The main thing is to simply own up to all the facts, to stop hiding them from not only the people immediately involved, but from everyone, everywhere. I can now comfortably admit things people never knew, like "I cheated on a programming assignment my freshman year at Yale" or "the sale of both Sharkbyte and Powerdime.com made almost no money at all for anyone involved". Honestly, nobody really gives a shit about either of these revelations, but I was using all kinds of mental energy to carry them around quietly inside as if people did.
Level Two: Honesty about Current Thoughts and Feelings
Now let's take it up a notch: whatever you're thinking and feeling, spit it out, even if you're conviced you'd be better off if you didn’t. This is a bit rough to accept logically. I hear you ask, "so, if she says to me, 'does my butt look big in this dress?', Blanton really expect me to say, 'yes, it does'?" In fact, that's exactly what he expects. He also expects you to tell other people when they piss you off, or make you happy, or whatever else. This may not seem an immediately expedient way to live life, but I've found that being able to interact with others based on what you really think and feel leaves you vastly freer to actually relate to the other person, rather than forcing you to spend all your time constructing a mask that you think will manipulate them into causing the results you want.

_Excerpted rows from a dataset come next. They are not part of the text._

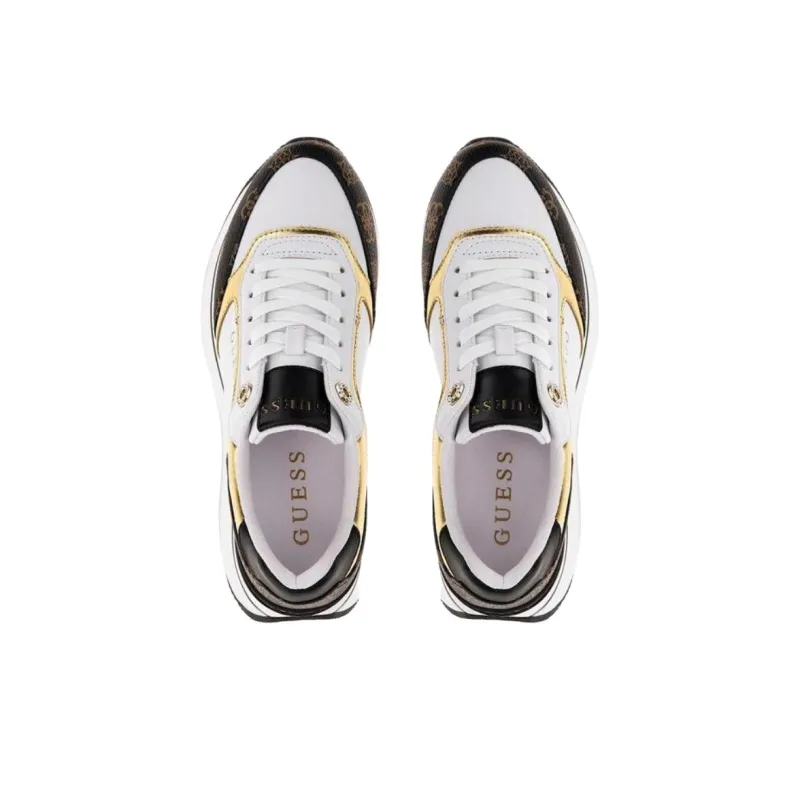 GUESS Camrio Low Top Skateboard Shoes Women's Gold-3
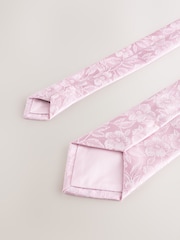 Pink Floral Tie and Pocket Square Set - Image 3 of 4
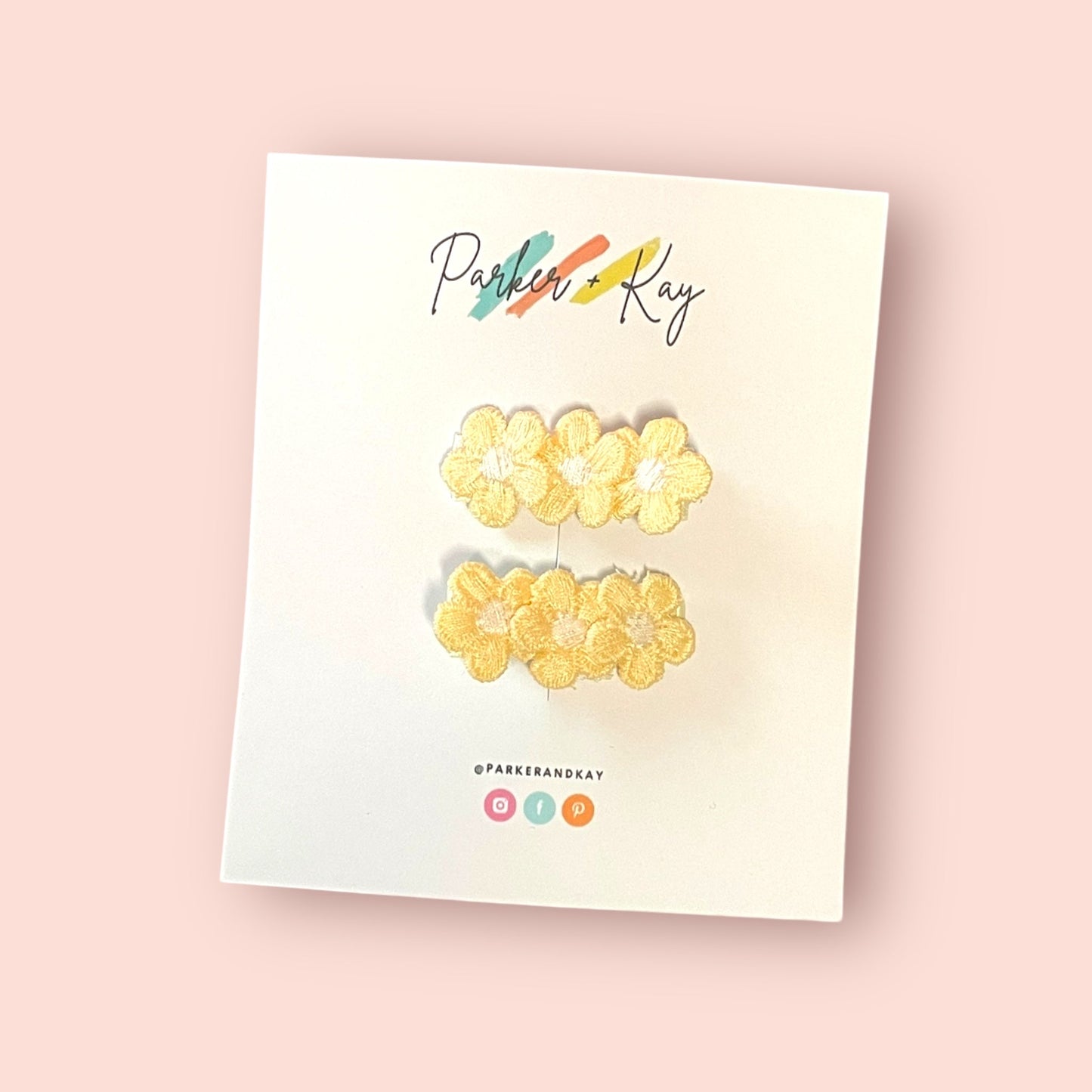 Baby Blooms Hair Clips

"But," I hear you ask, "won't people get upset when you just say what you think?" Well, yes. At the Christmas party of a friend (who's likely reading along here), I observed that one attractive female in attendance seemed to be dumb as nails. This, obviously, didn't go over well with my party-hosting friend, and she said as much, rather angrily, the next time we got together. After she shared the truth about her feelings, she felt better as well, and that was pretty much it. People getting angry isn't nearly as bad as we assume it's going to be; no matter how riled up they become, if you just encourage them to lay it on you, usually they'll have said everything they have to say in about fifteen, twenty minutes, and then you can go back to laughing together. This is vastly, vastly preferable to you or them carrying around that unvoiced anger, which lasts for years and decades, tainting the relationship and slowly festering into secret hatred.

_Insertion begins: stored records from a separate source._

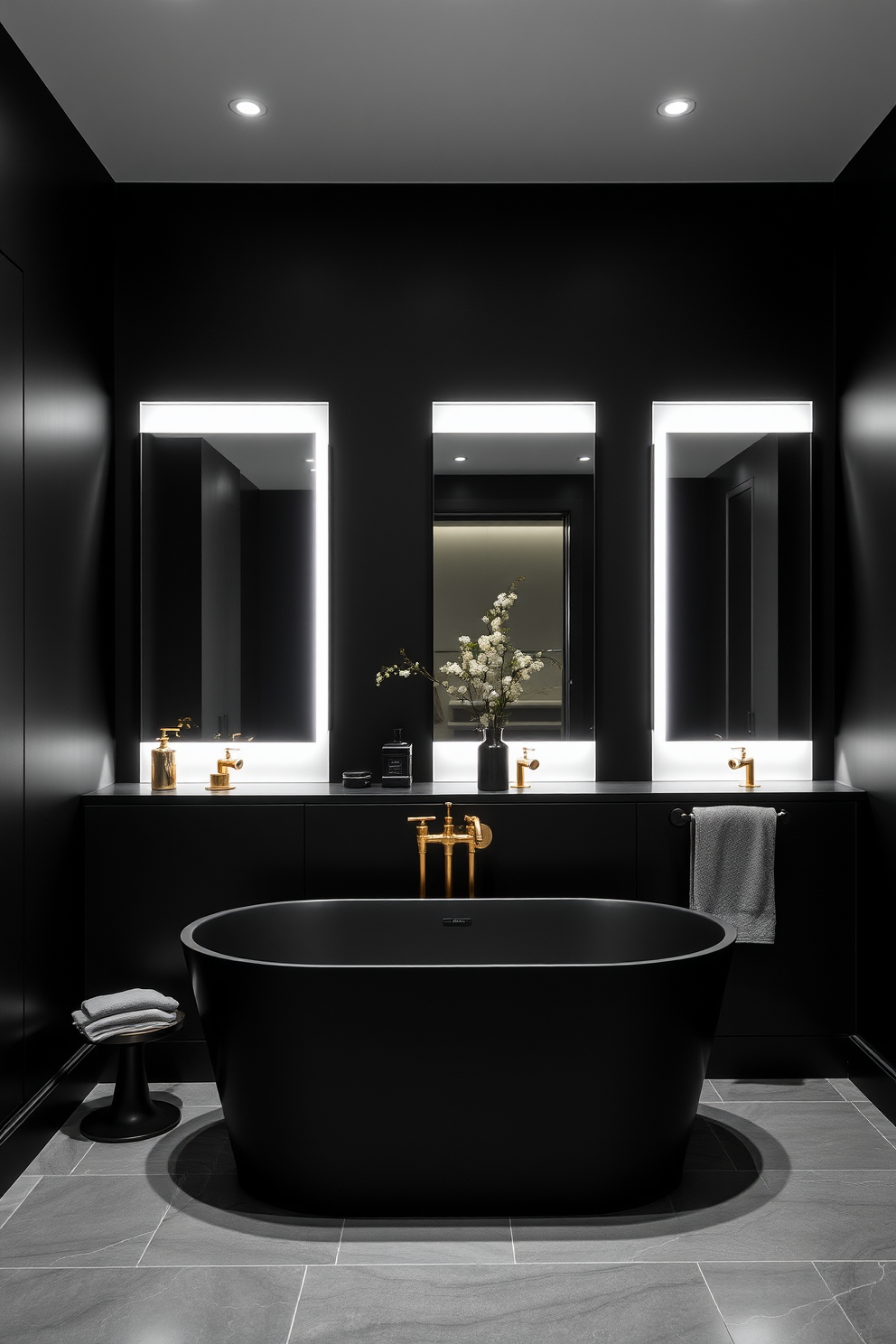 Black Bathroom Design Ideas 12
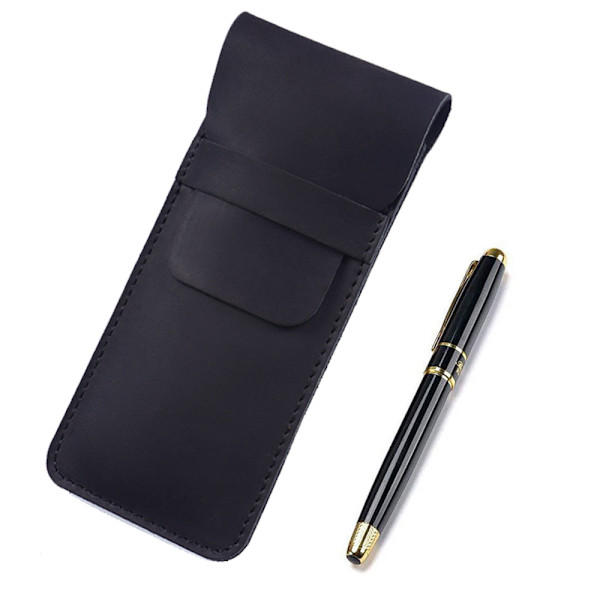 Ægte læder penneetui holder fountain multi penne etui pen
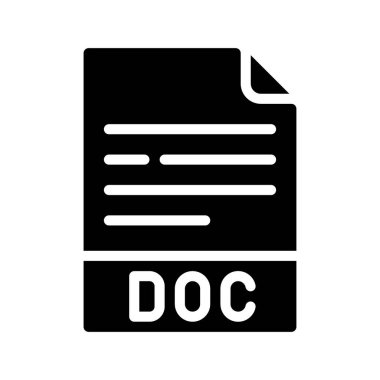 Doc simgesi vektör illüstrasyonu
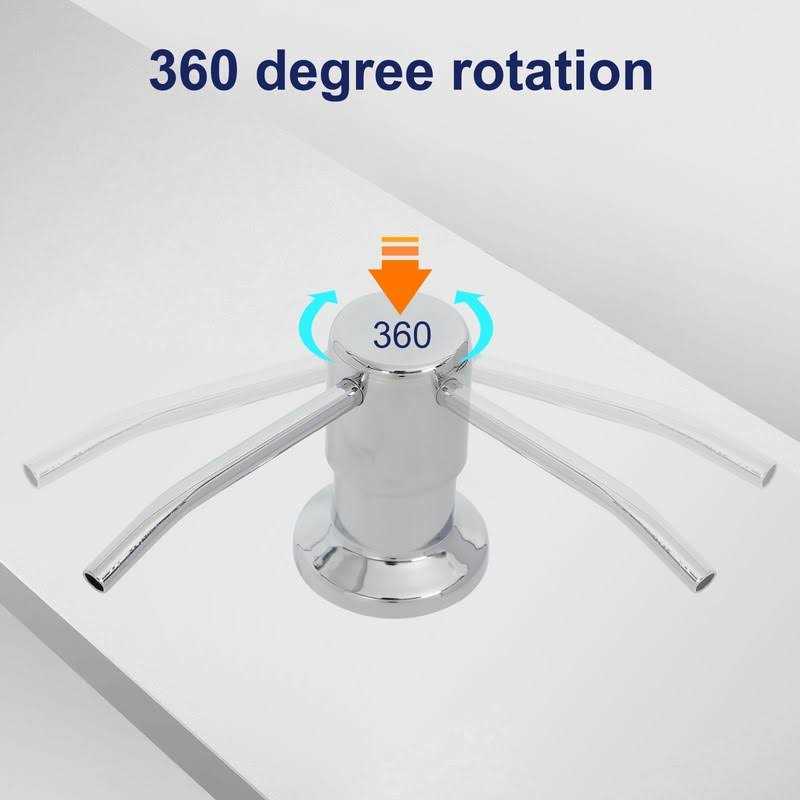 Soap Dispenser for Kitchen Sink Stainless Steel Built in Soap Dispenser Countertop Pump Head with 17OZ Large Liquid Bottle fit Kitchen Bathroom - Image 5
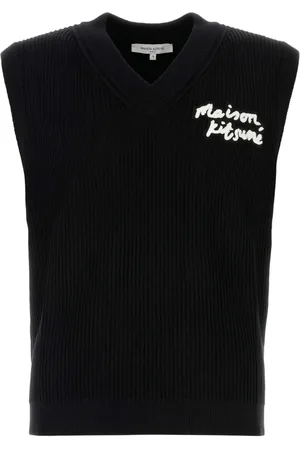 Maison Kitsuné Geribbeld hemd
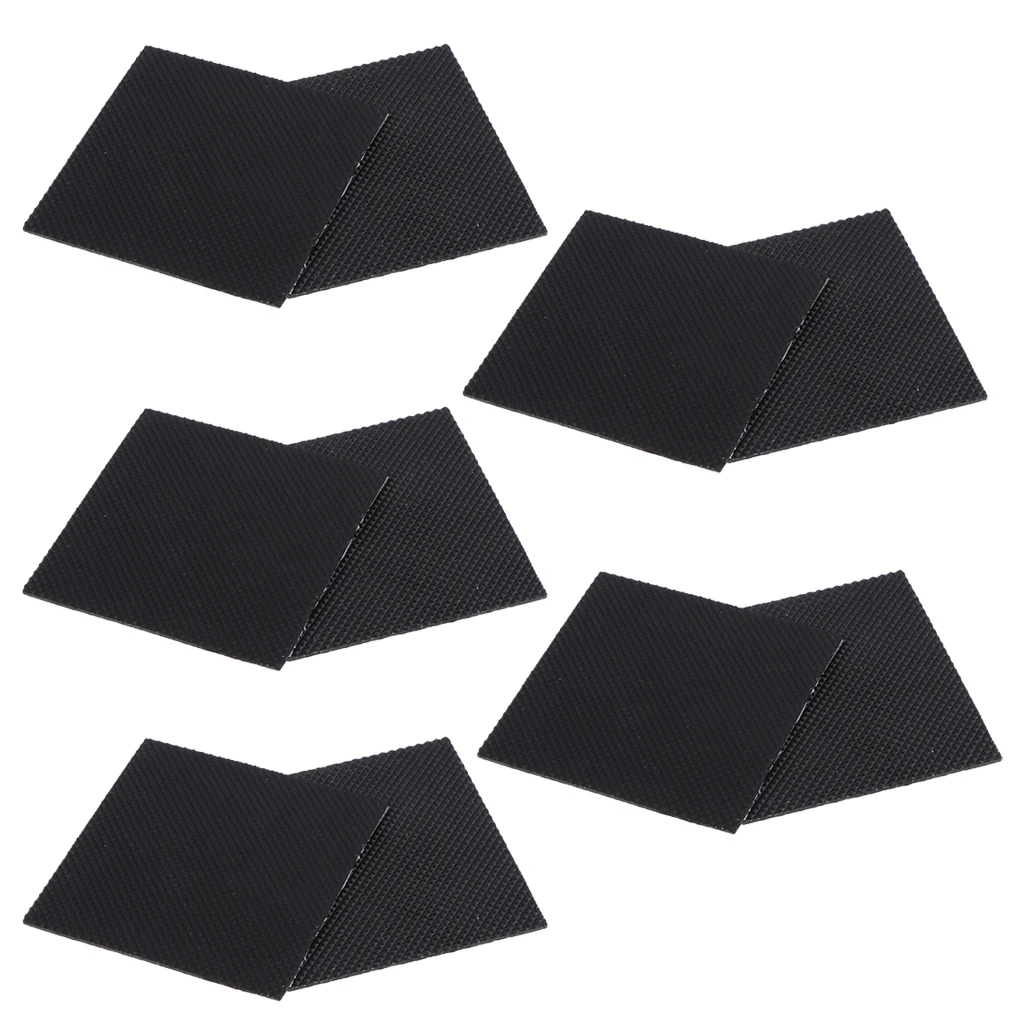 

10Pairs Self-adhesive Rubber Shoe Grips Sole Protector No Slip Heel Replacement Pads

Level Three: Exposing the Fiction
This is the final piece. This is where you say, "the person I am, and the person I carefully construct and sell to the world (and to my real self), are not the same thing." This is the process of demythologizing yourself, which starts by bragging about all the things you did which, in your false modesty, you were pretending not to care about, then by feeling embarassed about the bragging, and then by realizng that the bragging and being embarassed are just bullshit as well. In this step, you admit that what you have been selling other people on, and selling yourself on, is not who you actually are. In fact, you don't really know who you are. Which is why you developed the act in the first place: you didn’t want to look lost and hoped you'd find your way by faking it. This shift is all about moving from trying to look smart to admitting you don't know a goddamn thing.

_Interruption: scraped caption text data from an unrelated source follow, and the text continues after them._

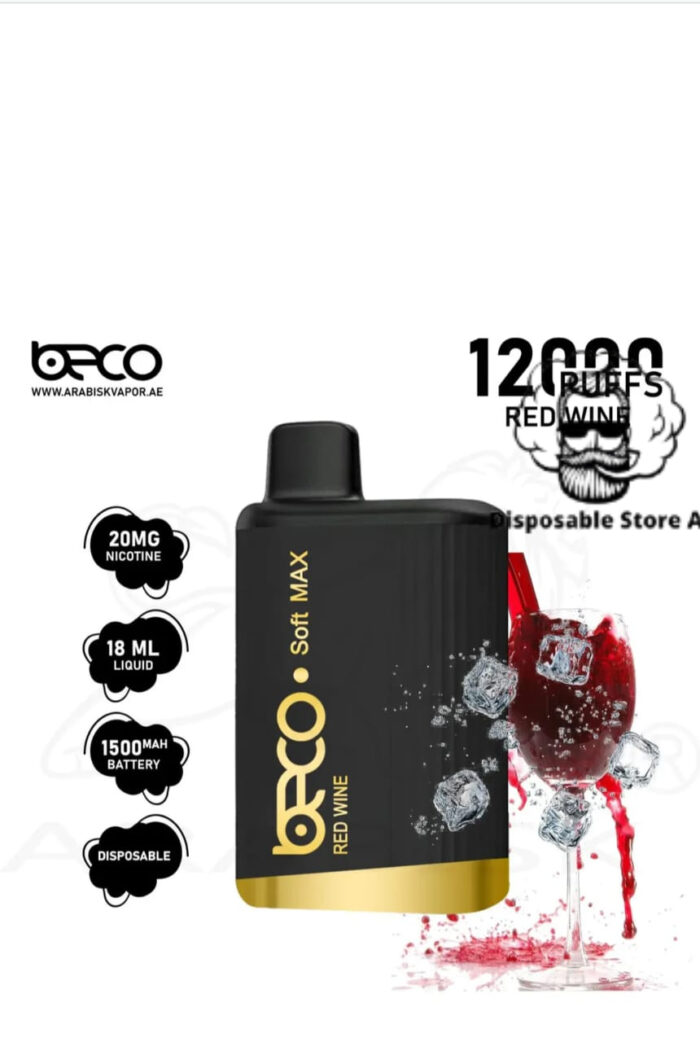 Beco Soft Max 12000 Puffs 20MG Nicotine Red Wine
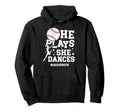Dad Both Dance And Baseball Dad Dancing Hoodie - Aesthetic Graphic Unisex - T-Shirt, Sweatshirt, Hoodie
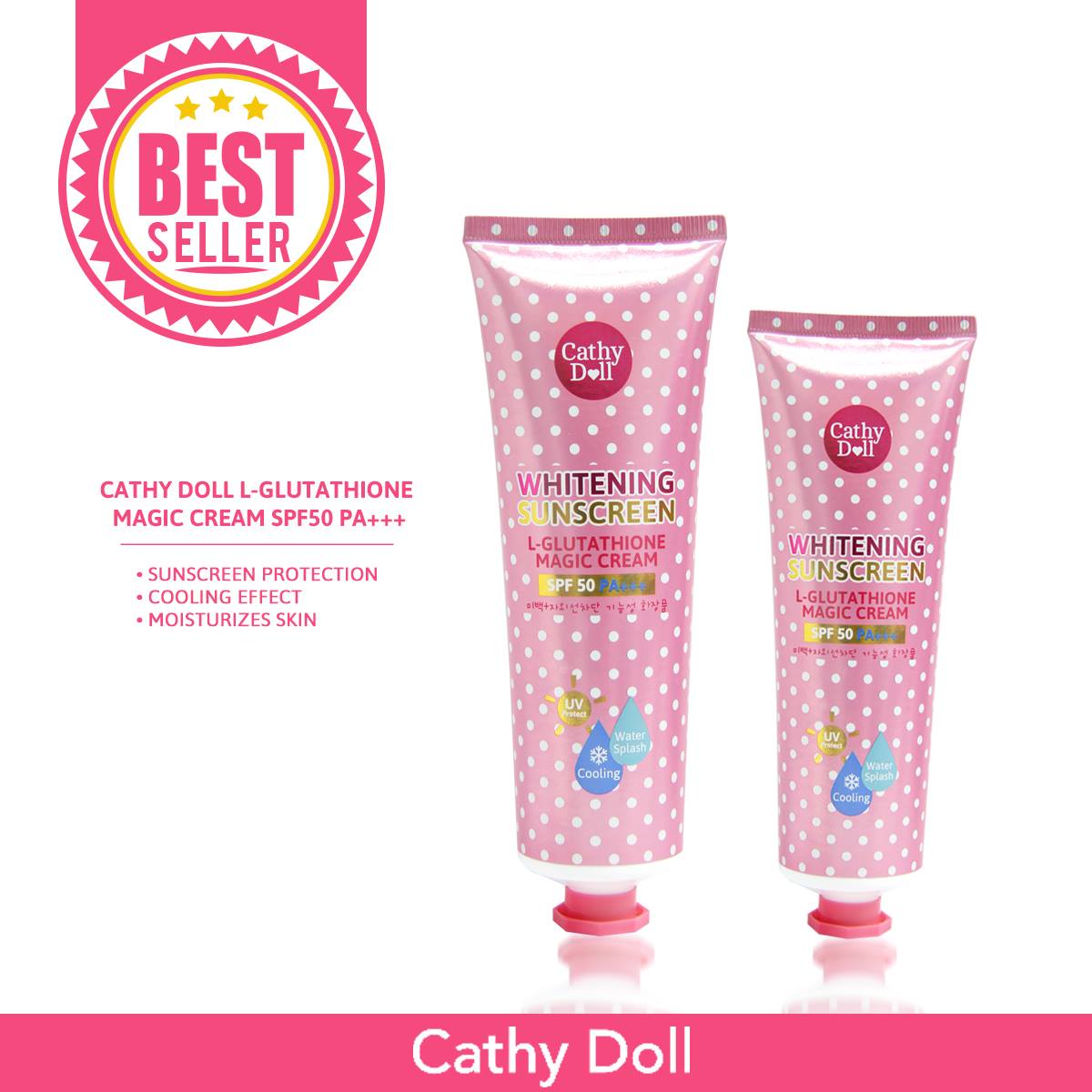 It's summer! There's no reason why L-Glutatione Magic Cream SPF50 is not Cathy Doll's Best Seller this month especially when it comes with sunscreen protection SPF50 PA+++, it's lightweight, non-sticky, has a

There's something remarkably enjoyable about this step. Book publishing? I don't have a clue in the world what I'm doing there. But I'm scrambling as fast as I can to figure it out. Saying so is so vastly easier than feigning expertise that I don't know why I didn't start admitting my ignorance earlier. This third level is, as far as I can tell, neverending. You start feeling pleased with yourself because you're telling the whole truth, then realize that being 'the guy who always tells the truth' is as much bullshit as anything else, and you're back to ground zero.
Still, I'm finding it's absolutely worth it. Each step on the path to radical honesty, to telling the whole truth, to being the whole truth, makes me feel lighter and freer. I'd recommend you try it out yourself.